*ASSIGNMENT*
Leaving out all pictures, return exactly the lines from the one that contains "Hyoog OnlyFans Leaked" through the end of the data below.

*RECORDED INFORMATION*
○ ○ ○ ○ ○ ○ ○

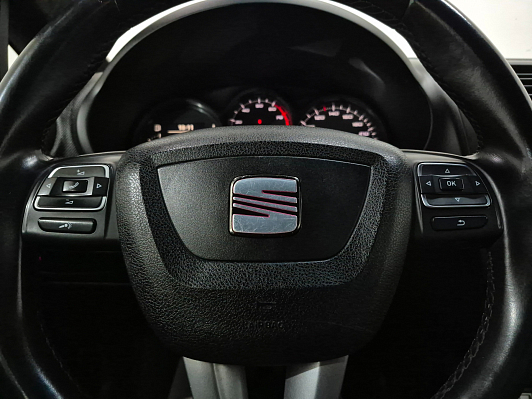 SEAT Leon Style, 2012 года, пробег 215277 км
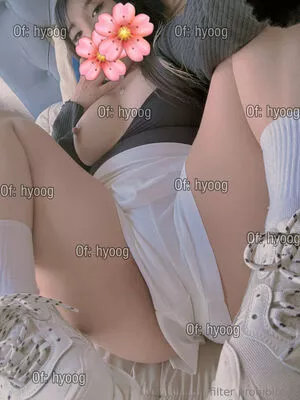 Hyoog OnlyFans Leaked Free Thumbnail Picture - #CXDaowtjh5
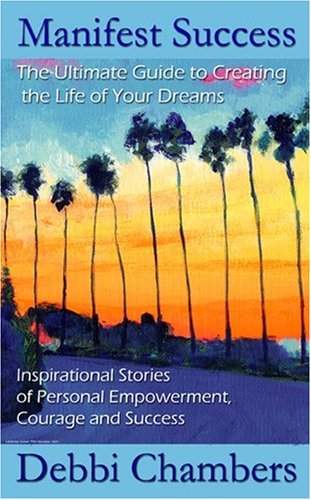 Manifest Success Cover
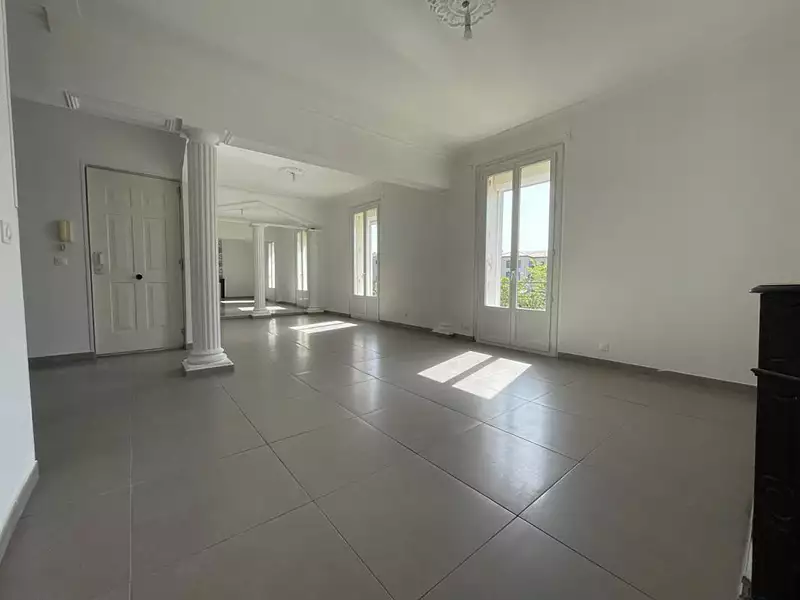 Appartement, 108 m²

○ ○ ○ ○ ○ ○ ○

*SOLUTION TO THIS EXERCISE*
 Hyoog OnlyFans Leaked Free Thumbnail Picture - #CXDaowtjh5
 Manifest Success Cover
 Appartement, 108 m²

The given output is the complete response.